I once met a very sincere woman who said something like, “I do not need to pray to Jesus; I pray to Mary His mother, and since she is His mother, I’m sure she will use her influence on Jesus.” I cringed, and still do! (By the way, this is not official Catholic doctrine; for an official view of the saints and angels, see the Catechism.) The proper way of understanding Mary and her role in the Church is to see that she belongs to the created world of spirits. She is not the fourth member of the Trinity! She does not inhabit eternity! She belongs to the great cloud of witnesses in the created spirit world. We may reasonably conclude that since Jesus, the eternal Logos, received His humanity from Mary (and therefore she has been honored in the Church as “Mother of God”) she holds a special place in heaven. Think of this; the Incarnate Christ who now has a glorified human body that inhabits eternity but also the spirit world we call heaven has a mother! Her “I will” to God in contrast to Eve’s “I will not” makes her our new mother as well. She does not stand as a mediator between us and Jesus. Rather, she is, along with all the other saints and angels, a channel of Christ’s grace to us. The first generation of reformers, by and large, believed this. It is only since the enlightenment that Mary has been demoted to utter insignificance in some circles, along with the spirit world.

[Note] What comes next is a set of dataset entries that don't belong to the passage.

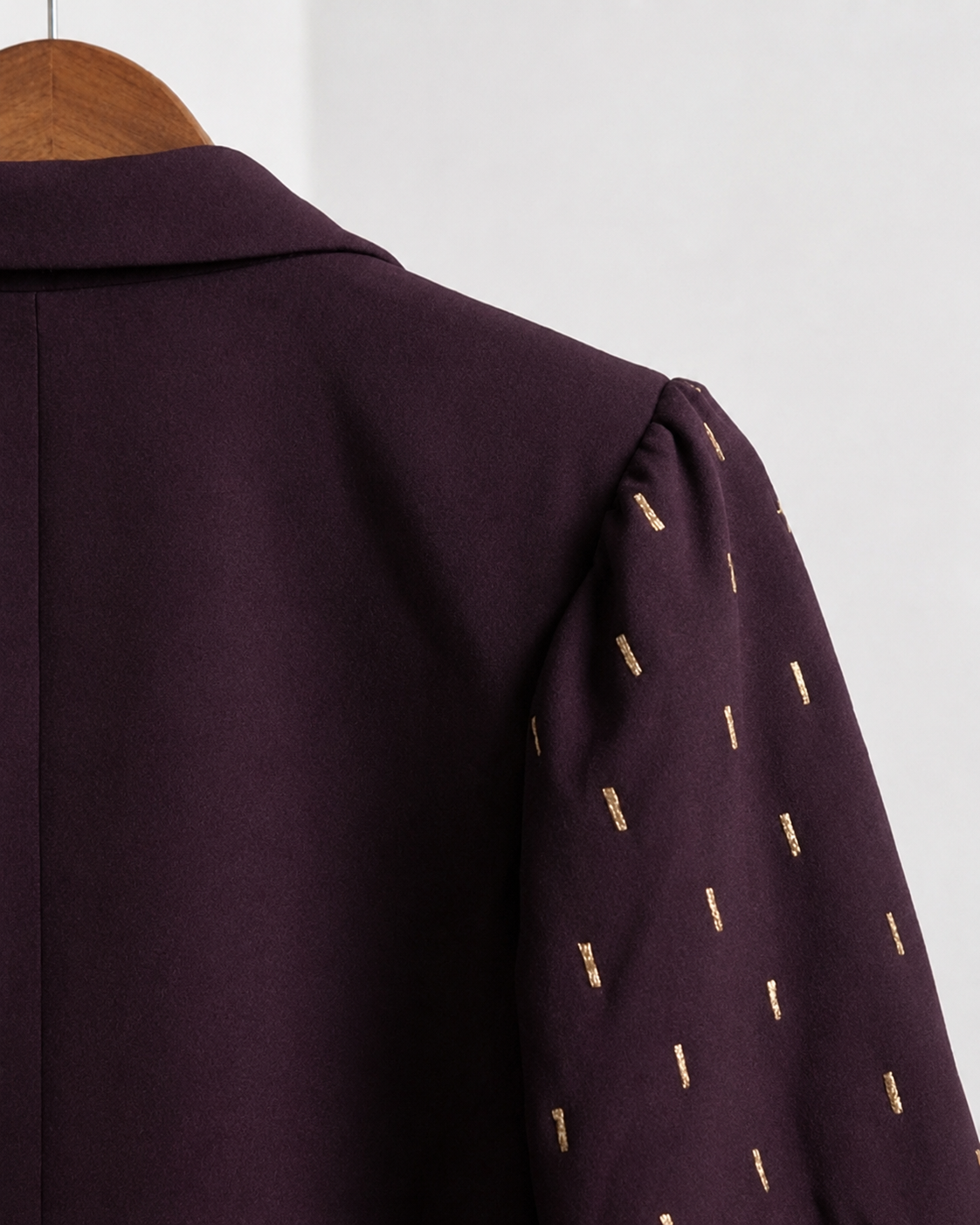 Close-up of plum blazer shoulder with gold embroidered sleeve detail.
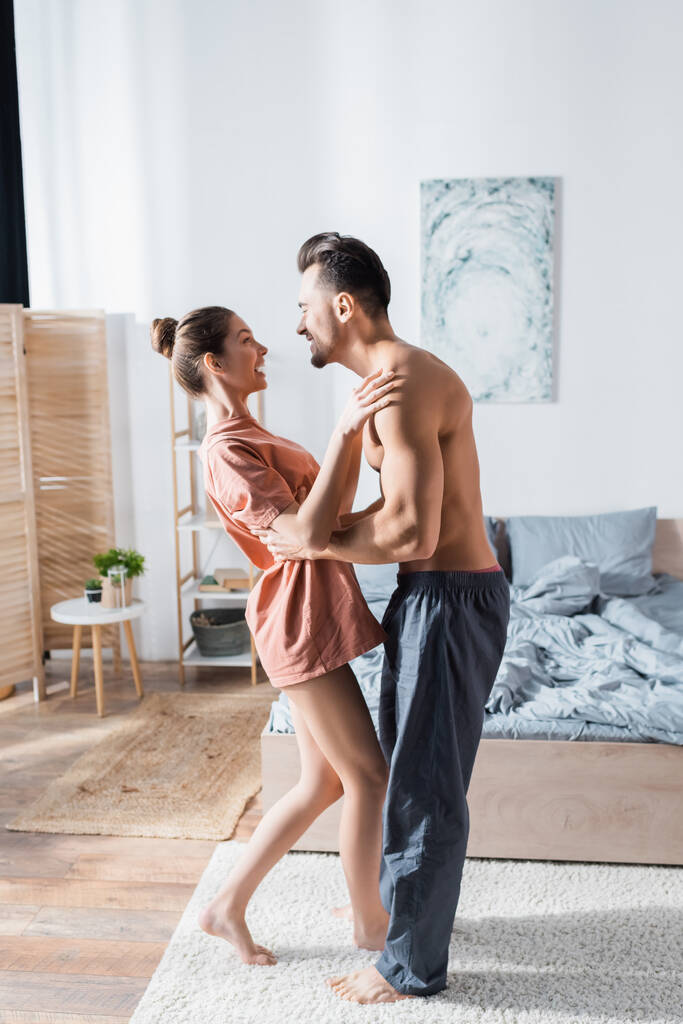 side view of happy young couple smiling and dancing in bedroom - Photo, Image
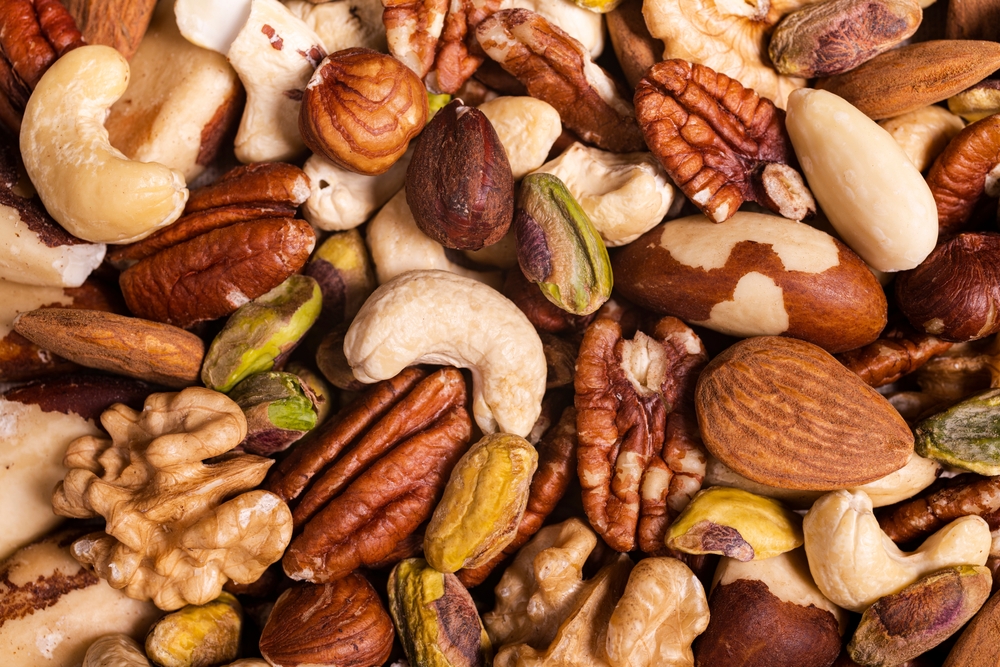 extreme close-up top view, a background with a large variety of shelled nuts.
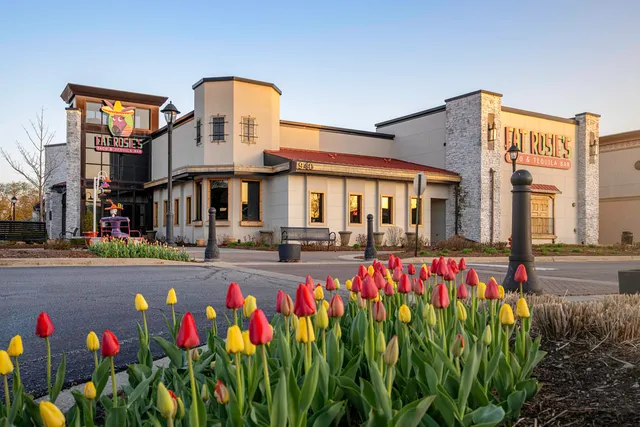 a sign board on the side of a street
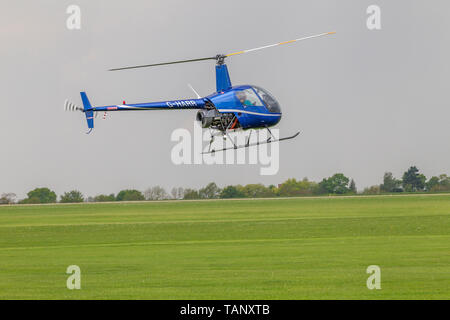 Un hélicoptère Robinson R-22 Beta voler contre un ciel sombre au cours de l'après-midi à Sywell Northamptonshire, l'aérodrome Banque D'Images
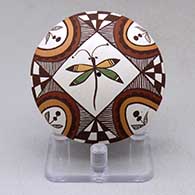 A polychrome seed pot decorated above the shoulder with a dragonfly, flower, checkerboard, fineline and geometric design
 by Diane Lewis of Acoma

But how do we get back? Can the toothpaste ever be put back into the tube? How can we shift our cosmology? Well, it is a life-long task to see reality as it really is. Yet we have to believe that if all we have said is true, that God wants us to see and experience it. Prayer is the only way back. There is an old saying in the Church; lex orandi lex credendi (The way we pray shapes the way we believe). We should pray with a sense of the reality of heaven and the spirit world where our departed brothers and sisters somehow and somewhere inhabit even now before the resurrection. We never fail to ask our brothers and sisters here on earth to pray for us, why not those saints which we knew on earth or those long ago with whom we connect well? We all belong to one great unified reality!